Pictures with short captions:
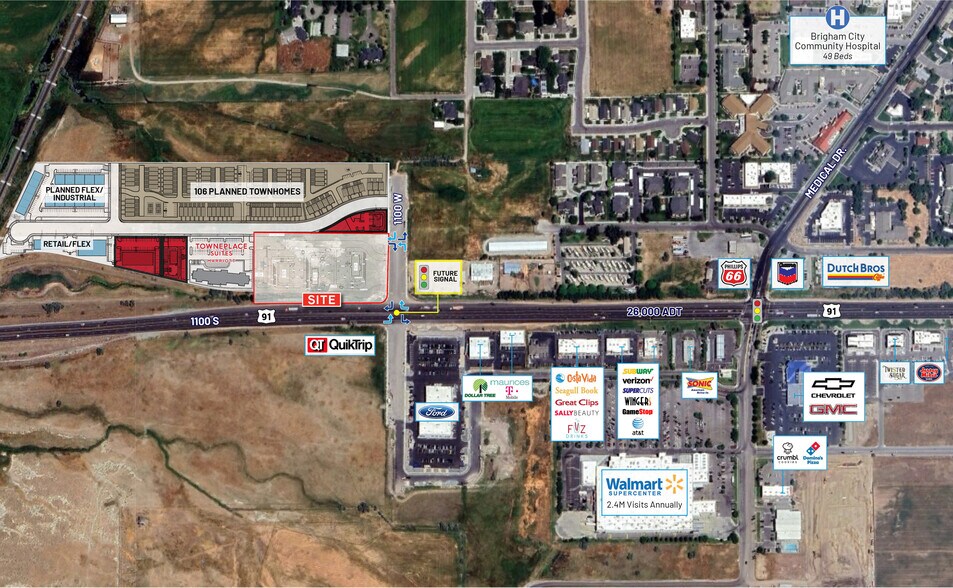 Primary Photo Of 1100 W 1100 S w, Brigham City Land For Lease
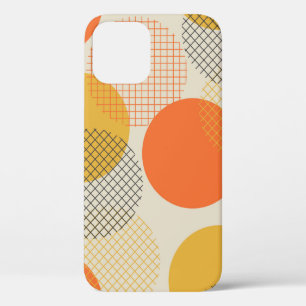Geometric circle seamless pattern iPhone 12 case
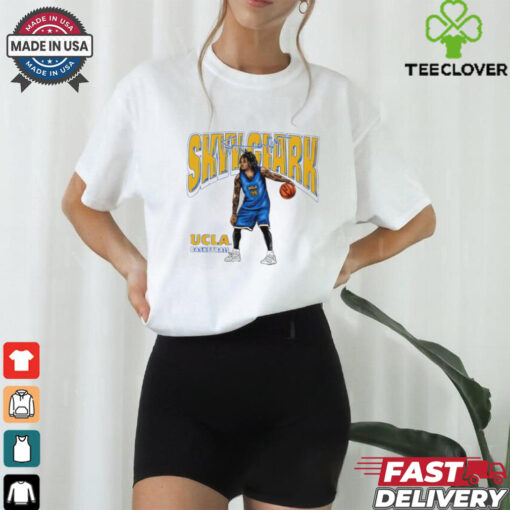 Skyy Clark UCLA Bruins signature cartoon shirt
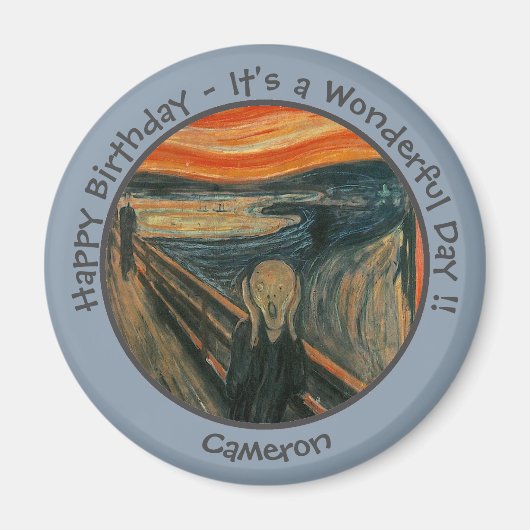 Edvard Munch der Party Items Collection Magnet (Vorne)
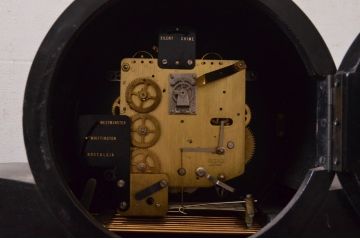 和製アンティーク　SEIKO(セイコー)　シックな色合いのモダンな雰囲気漂う置き時計(置時計、古時計)(R-072355)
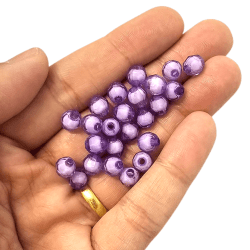 BOLA ACRÍLICA SEXTAVADA - N°8 - 25GR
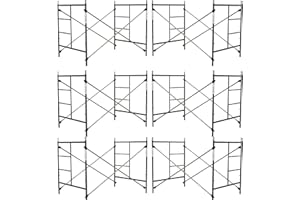 CBM SSCAFFOLD 6 Set New Snap-On Lock 5' X 5' X 7' Masonry Scaffolding Frame Sets CBM Scaffold Y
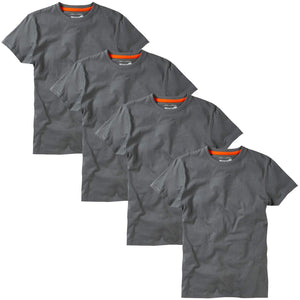 Charles Wilson Confezione da 4 T-Shirt Girocollo Semplice (Large, L, Graphite - Ilgrandebazar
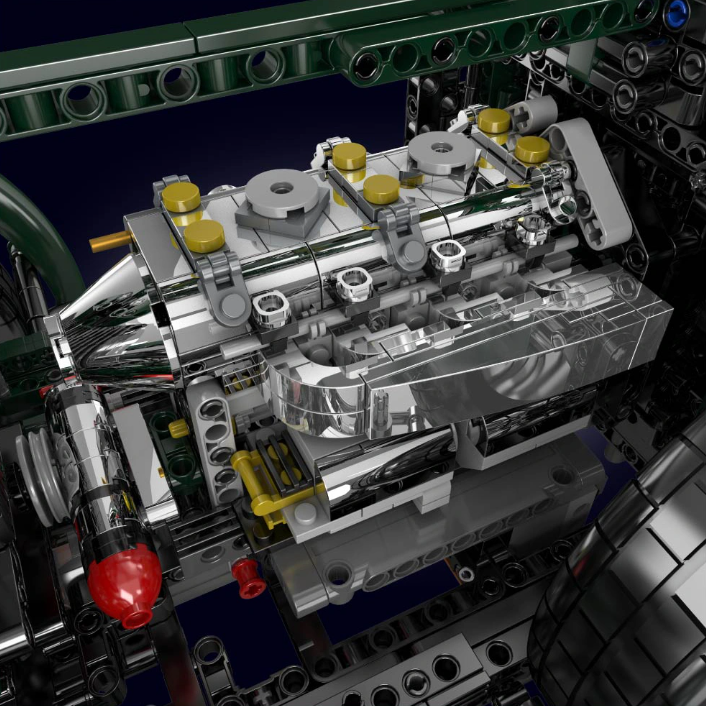 Bentley Blower | Mould King 13191 - secundaire afbeelding 8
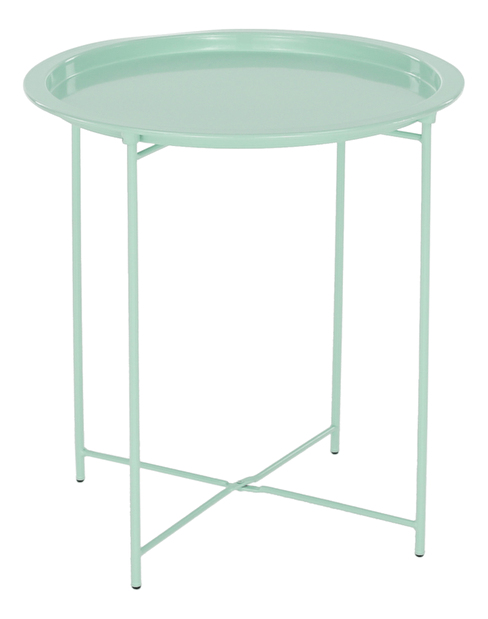 Příruční stolek TReno (mentolová)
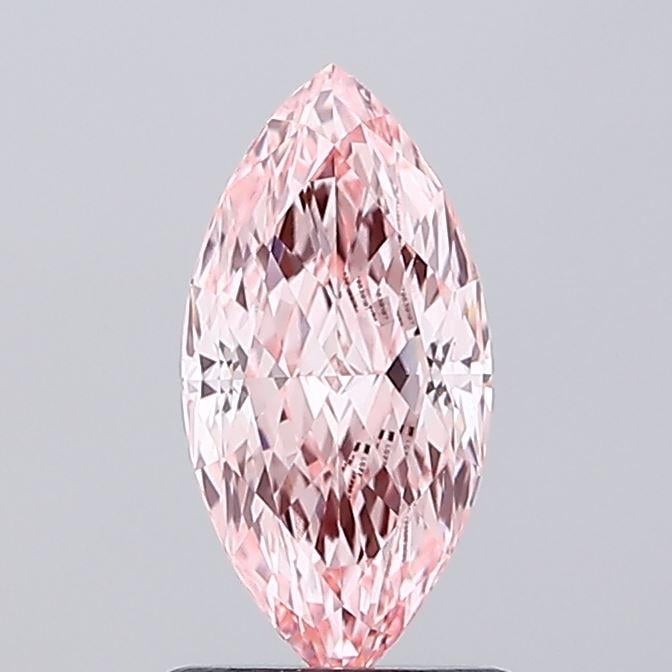 1.06 Ct. Fancy Vivid Pink Marquise Lab Grown Diamond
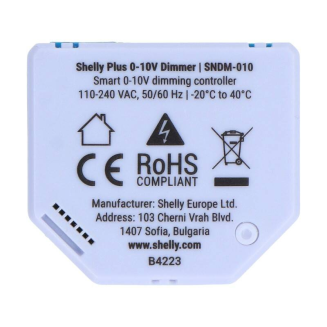 Ściemniacz SHELLY Plus 0-10V Dimmer Wi-Fi BT - 4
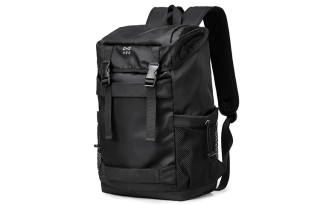 KEYSTREET QING QI ZHE Fabric Travel Bag, Laptop Bag, Backpack Regular Men's Black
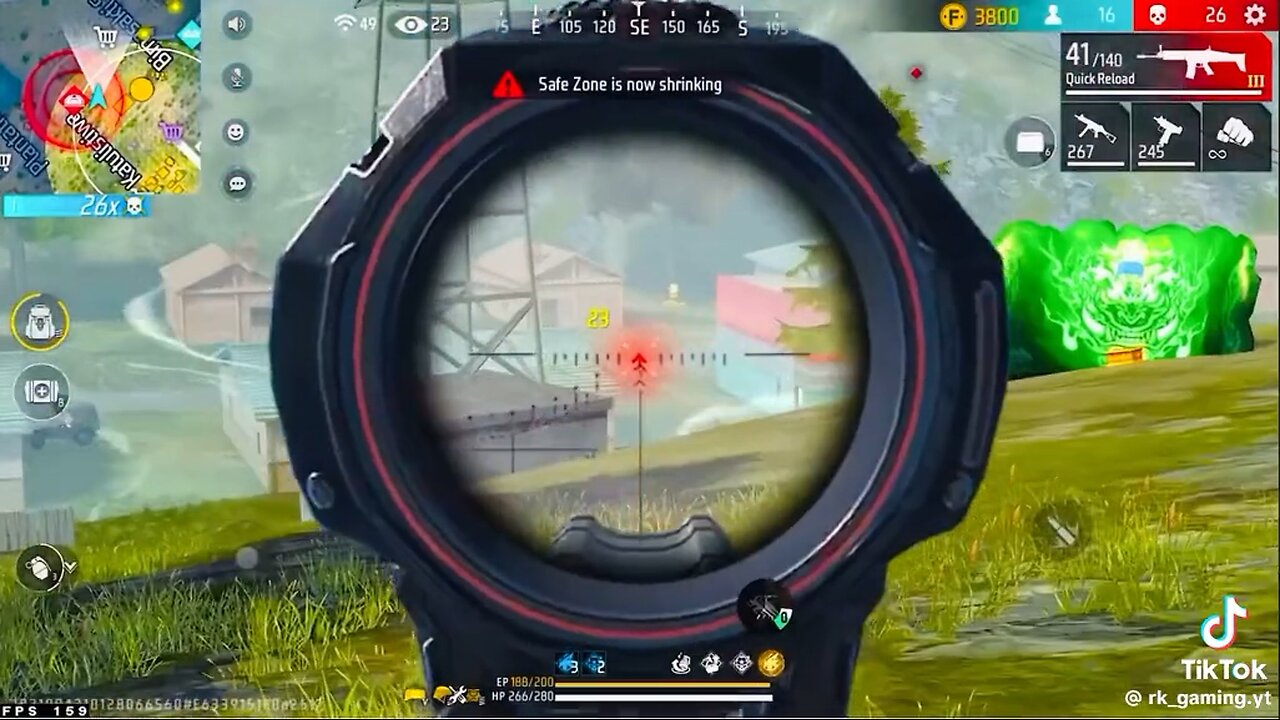 Free fire gameplay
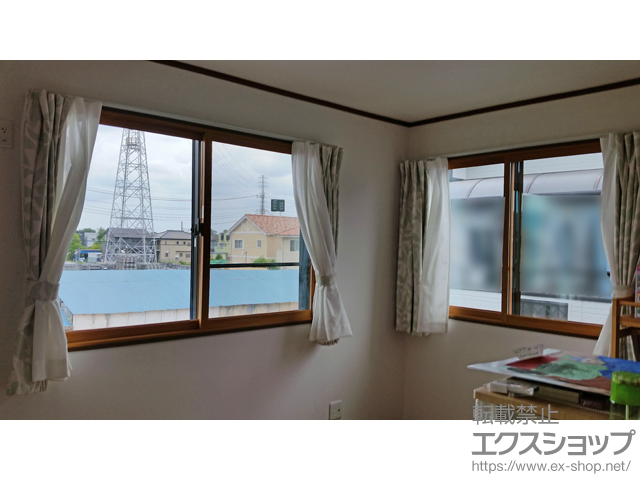 埼玉県越谷市のの二重窓（内窓） インプラス ダストバリア仕様 引違い窓 2枚建 施工例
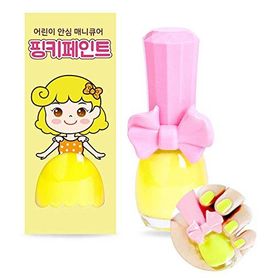 Pinky Cosmetic I Am Pinky Kids Nail Paint Fresh Lemon Çocuklar İçin Soyulabilir Oje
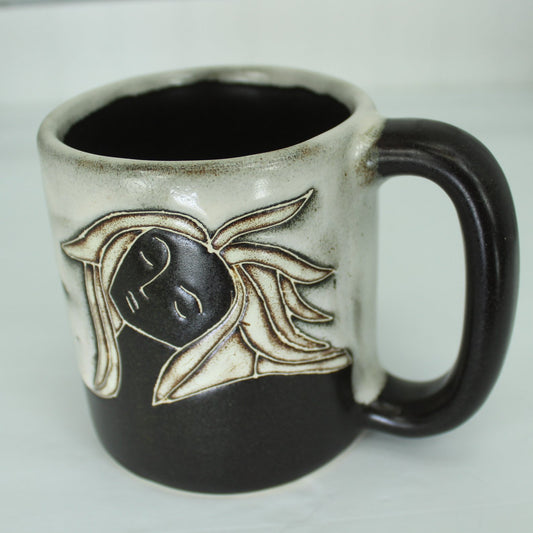 Large 14 Oz Mug by Mara Mexico Faces Signed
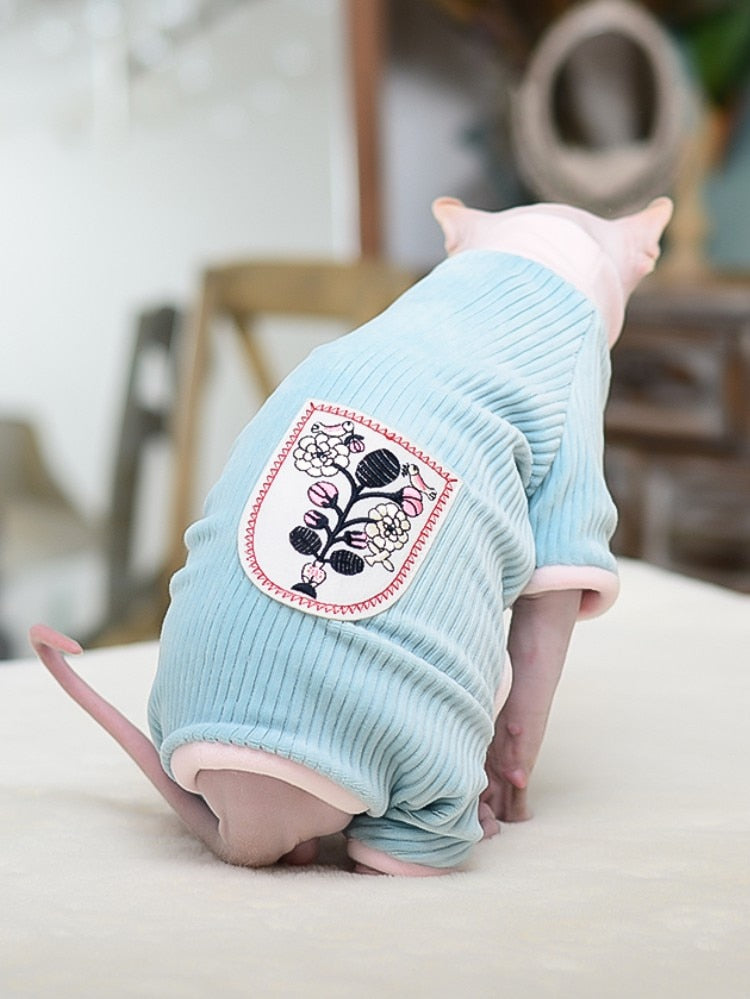 Cat Clothes Winter Warm Soft Cats Cotton Hoodies Jumper Sphynx Cat Costumes Pullover Sphinx Kitten Clothes Cat Supplies For Cats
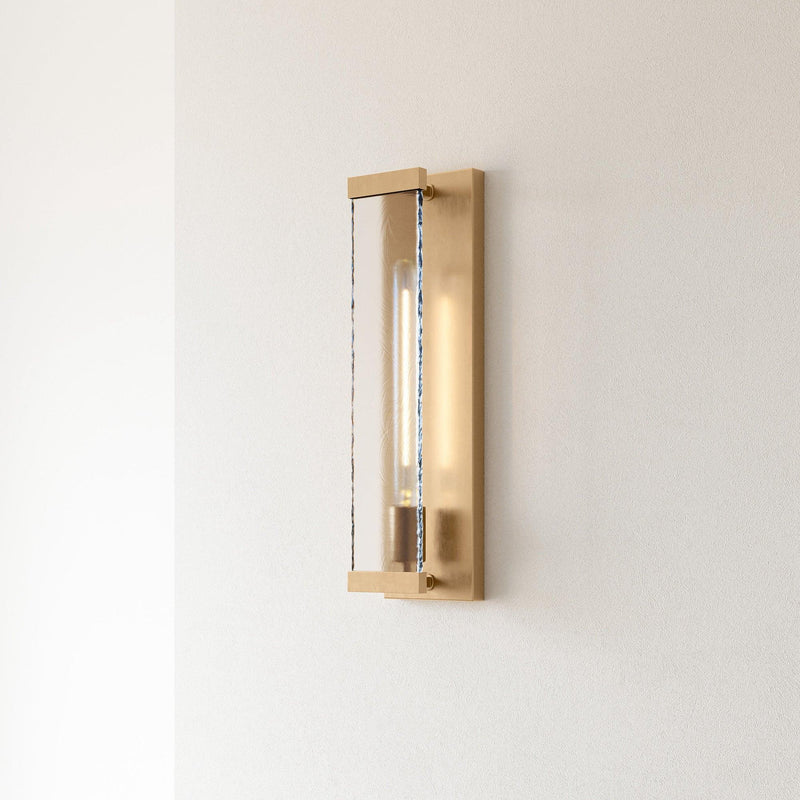 Adelman Gold Metal & Glass 1-Light Dimmable Wall Sconce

▸ WHAT IS NEEDED
The answer must be an exact copy of the records, with no images in it.

▸ THE COMPLETED TASK
 Primary Photo Of 1100 W 1100 S w, Brigham City Land For Lease
Geometric circle seamless pattern iPhone 12 case
 Skyy Clark UCLA Bruins signature cartoon shirt
 Edvard Munch der Party Items Collection Magnet (Vorne)
 和製アンティーク　SEIKO(セイコー)　シックな色合いのモダンな雰囲気漂う置き時計(置時計、古時計)(R-072355)
 BOLA ACRÍLICA SEXTAVADA - N°8 - 25GR
 CBM SSCAFFOLD 6 Set New Snap-On Lock 5' X 5' X 7' Masonry Scaffolding Frame Sets CBM Scaffold Y
 Charles Wilson Confezione da 4 T-Shirt Girocollo Semplice (Large, L, Graphite - Ilgrandebazar
 Bentley Blower | Mould King 13191 - secundaire afbeelding 8
 Příruční stolek TReno (mentolová)
 1.06 Ct. Fancy Vivid Pink Marquise Lab Grown Diamond
 Ściemniacz SHELLY Plus 0-10V Dimmer Wi-Fi BT - 4
 KEYSTREET QING QI ZHE Fabric Travel Bag, Laptop Bag, Backpack Regular Men's Black
 Free fire gameplay
 埼玉県越谷市のの二重窓（内窓） インプラス ダストバリア仕様 引違い窓 2枚建 施工例
 Pinky Cosmetic I Am Pinky Kids Nail Paint Fresh Lemon Çocuklar İçin Soyulabilir Oje
 Large 14 Oz Mug by Mara Mexico Faces Signed
 Cat Clothes Winter Warm Soft Cats Cotton Hoodies Jumper Sphynx Cat Costumes Pullover Sphinx Kitten Clothes Cat Supplies For Cats
 Adelman Gold Metal & Glass 1-Light Dimmable Wall Sconce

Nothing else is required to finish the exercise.